**DATA SECTION**
══════

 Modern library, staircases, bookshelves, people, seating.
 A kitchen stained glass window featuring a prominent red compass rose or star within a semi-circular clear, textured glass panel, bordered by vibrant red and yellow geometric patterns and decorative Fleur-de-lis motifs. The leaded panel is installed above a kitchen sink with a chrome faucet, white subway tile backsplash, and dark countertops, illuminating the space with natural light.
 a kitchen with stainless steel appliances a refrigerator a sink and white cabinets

══════

**ABOUT THIS EXERCISE**
Could you set down every line above exactly as written?

**RESPONSE FOR THIS EXERCISE**
 Modern library, staircases, bookshelves, people, seating.
 A kitchen stained glass window featuring a prominent red compass rose or star within a semi-circular clear, textured glass panel, bordered by vibrant red and yellow geometric patterns and decorative Fleur-de-lis motifs. The leaded panel is installed above a kitchen sink with a chrome faucet, white subway tile backsplash, and dark countertops, illuminating the space with natural light.
 a kitchen with stainless steel appliances a refrigerator a sink and white cabinets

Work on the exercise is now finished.